Perhaps more to the point, several analysts note, the 2022 suspension of close to €28 billion in funds to Hungary was a first.
Not only did it take a while to dawn on Brussels that a member state could actually be retreating from democracy amid protracted efforts to persuade Budapest to change tack, it also took time to agree, develop and implement the Conditionality Mechanism.
Now in place, the mechanism appears to offer Brussels potentially significant leverage in cases where the Commission decides to apply it.
Noting that the government has “been in intense contact with the [European Commission] for a long time on this matter,” the Foreign Ministry in Bratislava insisted that “The [European Commission] has not formally or informally announced such action.”
“The Slovak Republic rejects the dissemination of false information about stopping EU funds,” it went on.
Nevertheless, Fico has to take the threat of losing EU funds seriously.
The populist parties in Slovakia’s government coalition need to keep the promises that helped push them across the line in last year’s election — a task rendered more difficult by the fact that the country’s coffers are in a perilous state.
So, while the recently presented budget for 2025 will raise pensions, its main thrust is a sweeping consolidation package that seeks to cut the national deficit by €2.7 billion.
Any cut in the flow of money from Brussels would only further complicate the effort to keep government supporters happy.
It would also alarm a population that has been conditioned to believe that cash is the one good thing about EU membership.
“Slovaks have been fed the message since before joining [the bloc] that the EU simply means money,” Eva Mihockova of the Slovak Foreign Policy Association told the online debate.
And with around 80% of public investment powered by Brussels, the impact of any freeze would be very noticeable.
“In front of every public building or along every motorway, information boards note the use of EU funds. Without them, even supporters of the government parties would notice the decline. Fico cannot afford that,” Radoslav Stefancik at the University of Economics in Bratislava told DW.

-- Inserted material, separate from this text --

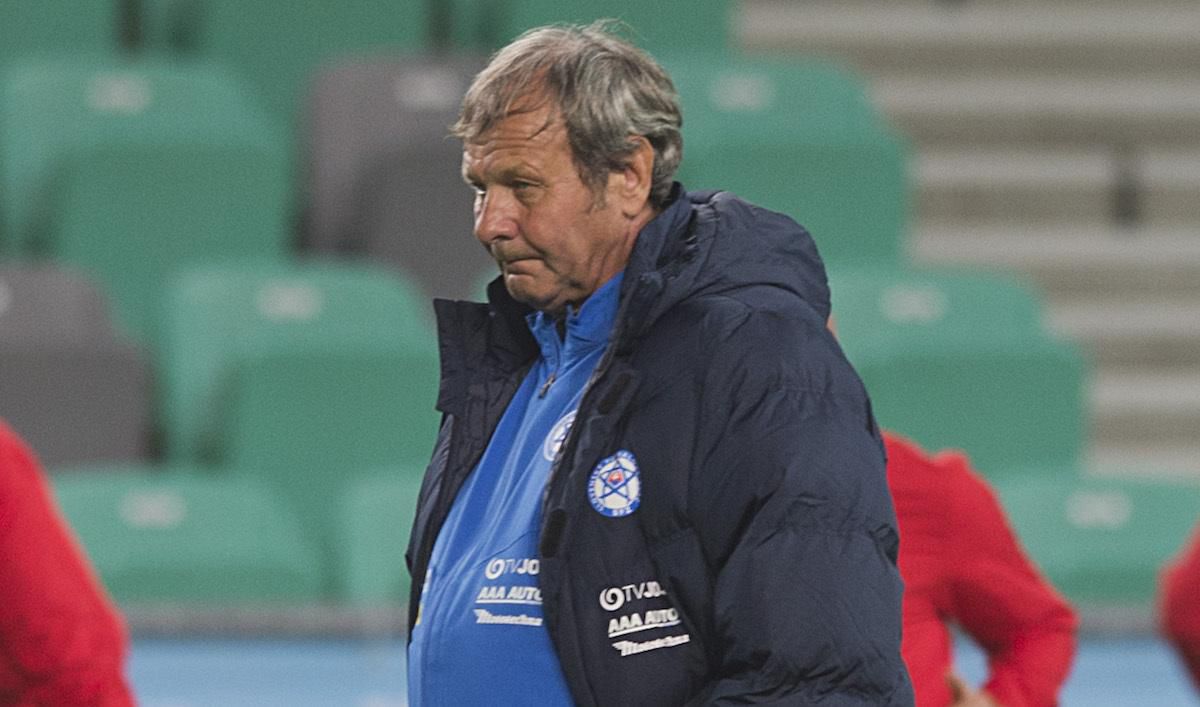 jan kozak zamysleny pohlad trening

Like Viktor Orban and other populist nationalists, Fico has shown over the years that his politics are more opportunistic than ideological. While known for aggressive tub-thumping at home, he tends to fall into line when in Brussels.
“Fico has wonderful flexibility that he has used to secure political survival,” Visegrad Insight Fellow Aliaksei Kazharski said during the think tank’s online debate.

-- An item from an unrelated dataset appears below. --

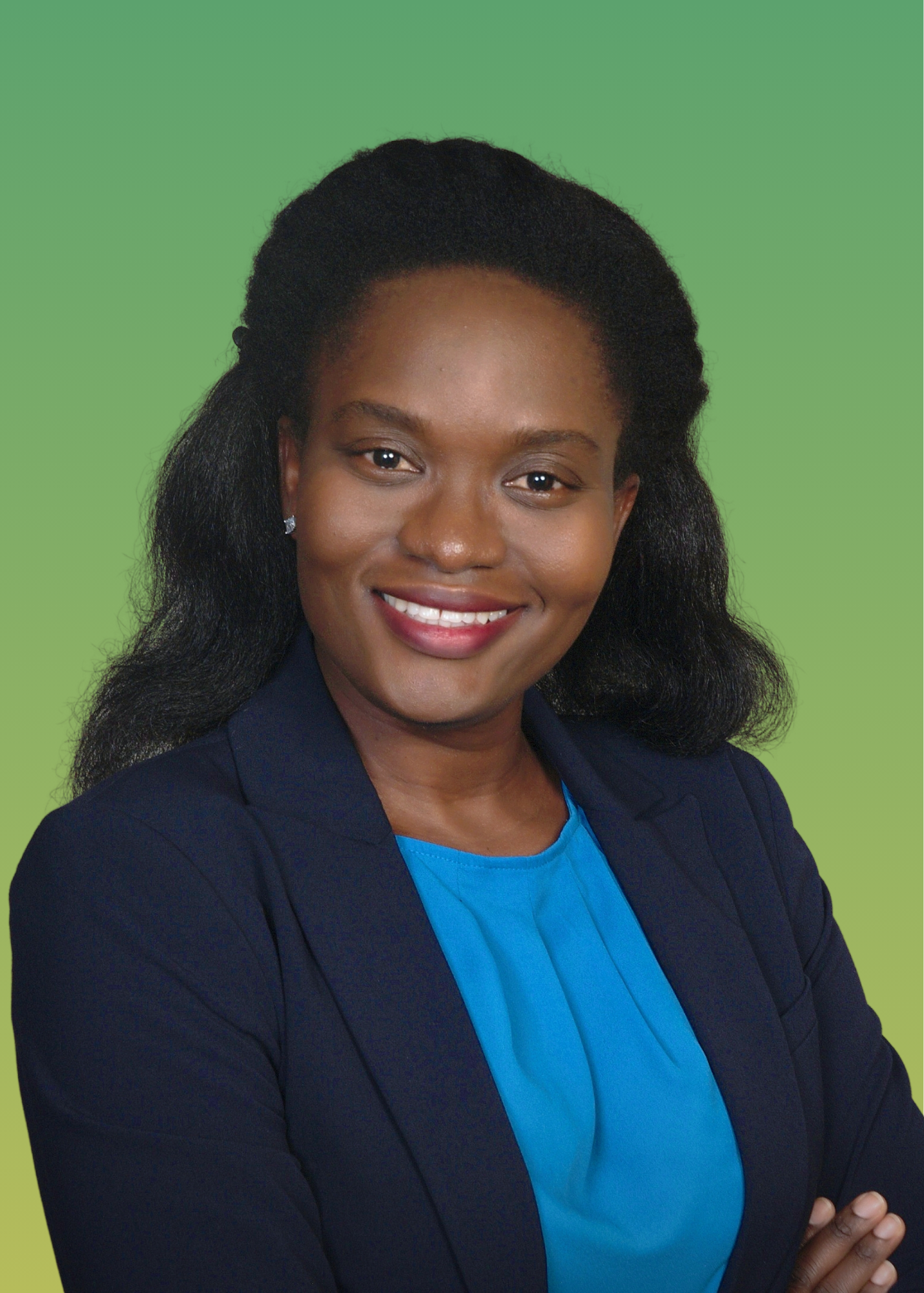 Picture of Neli Hankin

This explains why the Slovak PM told Commission President Ursula von der Leyen of his planned changes to the criminal code almost as soon as he returned to office in October and has kept the discussion going ever since, making several tweaks to the amendment bills, which entered into force in August.

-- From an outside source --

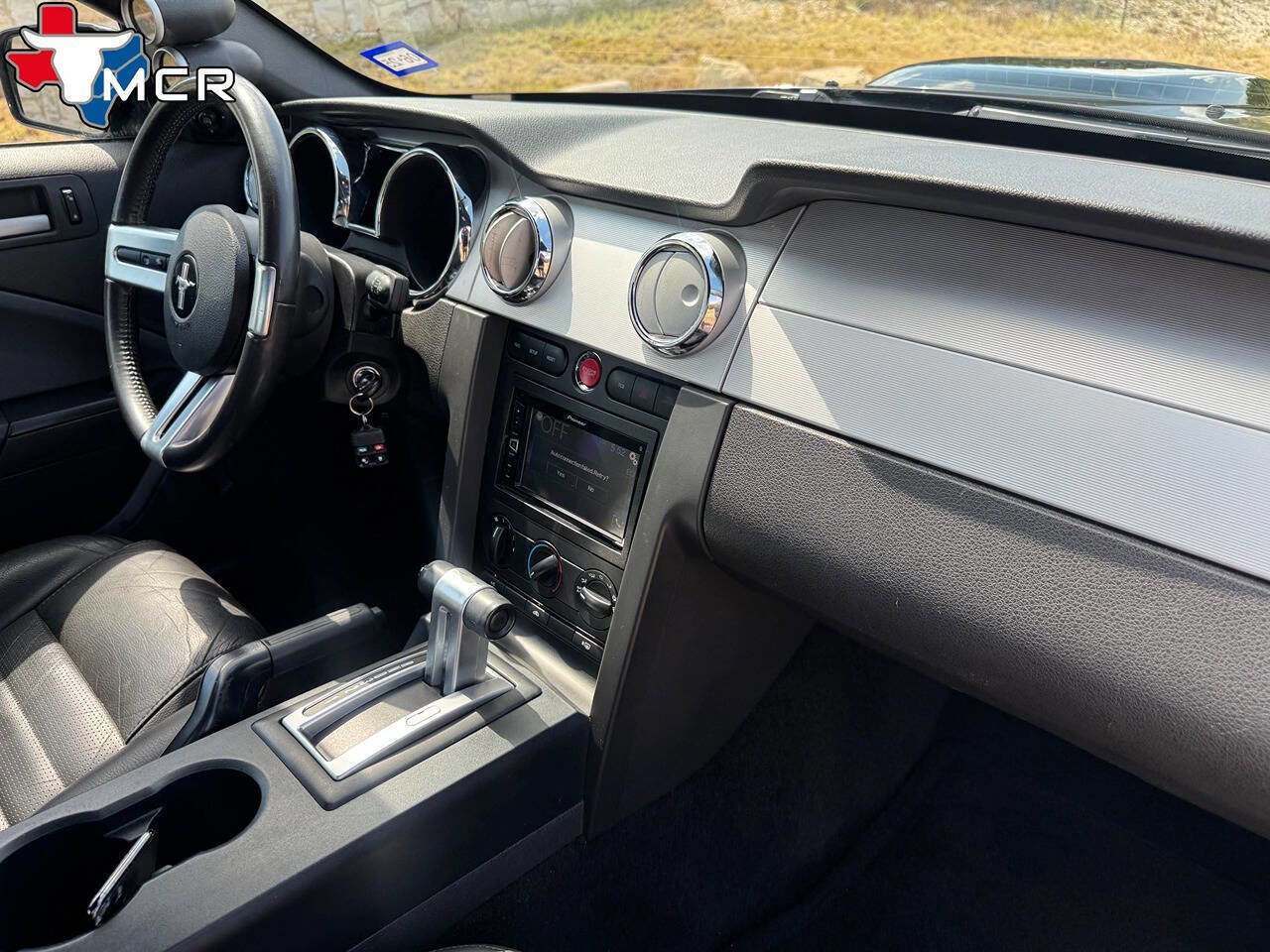 Used 2006 Ford Mustang GT image 26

But the changes are far from fundamental, suggesting that the idea is to keep kicking the can down the road while he deals with his number one priority: immunity for himself and his associates from charges of corruption and criminality, which he narrowly escaped in 2022.
“Fico is totally pragmatic and always does what serves his interests,” says Mihockova. “Right now, his interests do not match those of Brussels, and the rule of law and democracy stand in the way of securing this immunity.”
Despite the reports that a freeze in funding is being considered, the government has just unseated Michal Simecka, leader of largest opposition party, Progressive Slovakia, as deputy speaker of parliament.
It’s a move that Milan Nic at the German Council on Foreign Relations says might only draw more attention and scrutiny from Brussels.
“Fico’s politics of personal revenge might backfire at the level of the European Parliament,” he suggested to DW, pointing to the upcoming hearings for European Commission nominees.
However, given the years of patience shown by the Commission and European Council with Orban, Fico might feel confident that he can keep them at arm’s length for the time being.
“Once he and his people are out of danger, Fico will be free to make concessions to Brussels,” says Stefancik.